• _Task requirements_: Print, from the listing below, the lines starting at the line containing "2018 Grand Design Solitude — photo 28 view" and ending at the line containing "Usado Volvo XC40", exactly as they stand, and print nothing else.

• _Data provided_:
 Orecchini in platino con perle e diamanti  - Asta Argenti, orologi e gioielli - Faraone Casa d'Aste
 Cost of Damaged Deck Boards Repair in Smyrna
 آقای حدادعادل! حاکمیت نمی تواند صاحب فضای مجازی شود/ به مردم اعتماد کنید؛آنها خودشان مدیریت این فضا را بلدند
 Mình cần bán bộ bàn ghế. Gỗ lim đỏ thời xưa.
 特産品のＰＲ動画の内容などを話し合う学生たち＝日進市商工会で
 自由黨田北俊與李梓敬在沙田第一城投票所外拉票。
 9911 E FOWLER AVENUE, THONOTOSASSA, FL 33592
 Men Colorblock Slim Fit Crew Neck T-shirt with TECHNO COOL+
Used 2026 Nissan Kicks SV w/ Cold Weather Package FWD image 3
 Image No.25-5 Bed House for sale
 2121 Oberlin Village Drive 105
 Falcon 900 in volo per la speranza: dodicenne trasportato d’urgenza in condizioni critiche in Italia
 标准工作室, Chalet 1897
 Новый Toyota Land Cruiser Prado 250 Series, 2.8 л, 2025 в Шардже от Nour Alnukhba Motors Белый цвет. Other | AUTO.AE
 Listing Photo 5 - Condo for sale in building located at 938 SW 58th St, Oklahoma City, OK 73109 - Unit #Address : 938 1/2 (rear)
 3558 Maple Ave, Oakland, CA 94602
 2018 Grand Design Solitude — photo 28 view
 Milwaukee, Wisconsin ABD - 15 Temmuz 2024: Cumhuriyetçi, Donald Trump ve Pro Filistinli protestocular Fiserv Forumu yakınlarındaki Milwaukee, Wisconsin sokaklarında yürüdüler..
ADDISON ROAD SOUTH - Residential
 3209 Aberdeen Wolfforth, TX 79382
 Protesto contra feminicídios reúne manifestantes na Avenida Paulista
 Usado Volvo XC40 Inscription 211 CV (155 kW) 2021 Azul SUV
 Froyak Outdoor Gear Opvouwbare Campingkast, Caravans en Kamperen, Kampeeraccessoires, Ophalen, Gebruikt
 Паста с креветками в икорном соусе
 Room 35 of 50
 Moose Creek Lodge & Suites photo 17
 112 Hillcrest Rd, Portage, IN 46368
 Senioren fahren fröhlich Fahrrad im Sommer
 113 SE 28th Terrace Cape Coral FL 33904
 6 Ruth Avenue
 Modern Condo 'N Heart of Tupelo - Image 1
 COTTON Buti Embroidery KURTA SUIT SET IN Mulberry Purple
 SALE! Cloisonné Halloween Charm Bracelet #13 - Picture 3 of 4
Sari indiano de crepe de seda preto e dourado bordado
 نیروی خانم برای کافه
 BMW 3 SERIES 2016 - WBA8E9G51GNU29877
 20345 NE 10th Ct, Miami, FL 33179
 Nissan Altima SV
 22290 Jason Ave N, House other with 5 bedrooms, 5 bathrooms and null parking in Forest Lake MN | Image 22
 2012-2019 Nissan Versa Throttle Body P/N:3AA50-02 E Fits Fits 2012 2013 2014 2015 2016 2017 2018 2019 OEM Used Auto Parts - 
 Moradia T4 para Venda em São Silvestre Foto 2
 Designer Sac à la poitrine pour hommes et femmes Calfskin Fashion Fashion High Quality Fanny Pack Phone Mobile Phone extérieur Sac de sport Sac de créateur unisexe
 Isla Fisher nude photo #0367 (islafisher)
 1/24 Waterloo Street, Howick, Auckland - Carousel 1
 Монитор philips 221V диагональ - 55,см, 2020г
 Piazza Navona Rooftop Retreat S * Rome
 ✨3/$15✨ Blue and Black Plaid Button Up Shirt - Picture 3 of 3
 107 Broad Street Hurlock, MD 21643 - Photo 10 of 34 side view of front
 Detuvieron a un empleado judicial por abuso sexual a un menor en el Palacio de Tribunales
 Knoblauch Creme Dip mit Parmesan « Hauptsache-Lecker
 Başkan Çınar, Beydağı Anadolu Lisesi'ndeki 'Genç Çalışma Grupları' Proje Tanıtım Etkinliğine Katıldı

• _Solution below_:
 2018 Grand Design Solitude — photo 28 view
 Milwaukee, Wisconsin ABD - 15 Temmuz 2024: Cumhuriyetçi, Donald Trump ve Pro Filistinli protestocular Fiserv Forumu yakınlarındaki Milwaukee, Wisconsin sokaklarında yürüdüler..
ADDISON ROAD SOUTH - Residential
 3209 Aberdeen Wolfforth, TX 79382
 Protesto contra feminicídios reúne manifestantes na Avenida Paulista
 Usado Volvo XC40 Inscription 211 CV (155 kW) 2021 Azul SUV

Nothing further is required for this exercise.